» **What you are asked to do**
The expected answer is the set of lines in the data below between the line holding "American flag peace sign shirt" and the line holding "Lit Billboards Photo", inclusive, written out exactly.

[[ Provided entries open ]]

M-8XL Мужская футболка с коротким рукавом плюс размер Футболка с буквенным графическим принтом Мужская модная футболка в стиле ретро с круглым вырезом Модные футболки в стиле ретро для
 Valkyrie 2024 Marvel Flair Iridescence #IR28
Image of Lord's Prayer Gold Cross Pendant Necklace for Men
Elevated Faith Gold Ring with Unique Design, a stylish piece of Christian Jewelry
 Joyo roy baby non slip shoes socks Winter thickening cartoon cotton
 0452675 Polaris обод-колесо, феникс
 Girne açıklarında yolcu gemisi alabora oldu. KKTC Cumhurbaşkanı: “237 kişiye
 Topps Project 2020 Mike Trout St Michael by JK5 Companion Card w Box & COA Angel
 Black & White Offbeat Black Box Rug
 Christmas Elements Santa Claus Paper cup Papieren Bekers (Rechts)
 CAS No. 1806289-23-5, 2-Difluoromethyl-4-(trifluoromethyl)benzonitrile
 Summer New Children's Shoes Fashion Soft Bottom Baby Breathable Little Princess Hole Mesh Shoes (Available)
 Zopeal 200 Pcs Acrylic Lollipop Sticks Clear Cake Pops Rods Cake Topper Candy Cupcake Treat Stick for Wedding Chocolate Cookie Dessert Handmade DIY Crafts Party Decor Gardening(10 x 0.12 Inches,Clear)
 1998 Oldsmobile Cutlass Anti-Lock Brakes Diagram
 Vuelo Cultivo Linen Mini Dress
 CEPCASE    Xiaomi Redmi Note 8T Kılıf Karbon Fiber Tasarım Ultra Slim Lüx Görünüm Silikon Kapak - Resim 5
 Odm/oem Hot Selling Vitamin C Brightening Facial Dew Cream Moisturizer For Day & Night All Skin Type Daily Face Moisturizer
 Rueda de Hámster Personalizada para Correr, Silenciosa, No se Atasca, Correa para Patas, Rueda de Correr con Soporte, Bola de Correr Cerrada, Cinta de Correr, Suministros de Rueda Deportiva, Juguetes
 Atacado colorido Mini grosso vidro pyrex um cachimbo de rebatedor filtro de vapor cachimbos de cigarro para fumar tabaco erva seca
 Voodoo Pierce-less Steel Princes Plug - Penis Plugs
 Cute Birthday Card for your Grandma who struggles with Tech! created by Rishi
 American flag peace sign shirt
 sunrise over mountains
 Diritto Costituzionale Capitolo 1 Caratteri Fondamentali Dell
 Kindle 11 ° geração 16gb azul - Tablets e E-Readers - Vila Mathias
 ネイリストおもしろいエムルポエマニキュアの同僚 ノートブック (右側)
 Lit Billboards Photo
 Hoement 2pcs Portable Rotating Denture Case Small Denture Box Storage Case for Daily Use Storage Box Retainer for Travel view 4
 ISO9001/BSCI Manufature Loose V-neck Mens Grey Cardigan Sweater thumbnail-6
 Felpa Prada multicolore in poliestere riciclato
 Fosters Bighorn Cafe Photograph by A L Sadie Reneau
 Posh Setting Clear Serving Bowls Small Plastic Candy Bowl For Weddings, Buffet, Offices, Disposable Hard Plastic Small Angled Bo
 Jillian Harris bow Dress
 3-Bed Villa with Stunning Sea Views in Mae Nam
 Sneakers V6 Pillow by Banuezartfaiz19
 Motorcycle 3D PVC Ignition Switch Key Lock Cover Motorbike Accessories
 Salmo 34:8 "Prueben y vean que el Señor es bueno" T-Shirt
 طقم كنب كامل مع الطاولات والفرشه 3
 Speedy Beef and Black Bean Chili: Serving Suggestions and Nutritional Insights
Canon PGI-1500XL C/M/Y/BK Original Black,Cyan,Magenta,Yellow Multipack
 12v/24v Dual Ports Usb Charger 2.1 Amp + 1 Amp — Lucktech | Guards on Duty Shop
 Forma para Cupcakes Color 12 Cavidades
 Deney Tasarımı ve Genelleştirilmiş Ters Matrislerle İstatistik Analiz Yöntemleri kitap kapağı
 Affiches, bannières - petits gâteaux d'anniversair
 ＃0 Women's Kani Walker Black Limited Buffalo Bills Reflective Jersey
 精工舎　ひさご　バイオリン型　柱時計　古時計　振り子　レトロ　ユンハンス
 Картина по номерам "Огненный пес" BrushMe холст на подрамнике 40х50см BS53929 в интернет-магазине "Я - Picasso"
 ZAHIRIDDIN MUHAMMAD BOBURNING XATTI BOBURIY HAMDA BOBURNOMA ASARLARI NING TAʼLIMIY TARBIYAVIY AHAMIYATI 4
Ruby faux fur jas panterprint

[[ Provided entries closed ]]

» **Output of the exercise**
 American flag peace sign shirt
 sunrise over mountains
 Diritto Costituzionale Capitolo 1 Caratteri Fondamentali Dell
 Kindle 11 ° geração 16gb azul - Tablets e E-Readers - Vila Mathias
 ネイリストおもしろいエムルポエマニキュアの同僚 ノートブック (右側)
 Lit Billboards Photo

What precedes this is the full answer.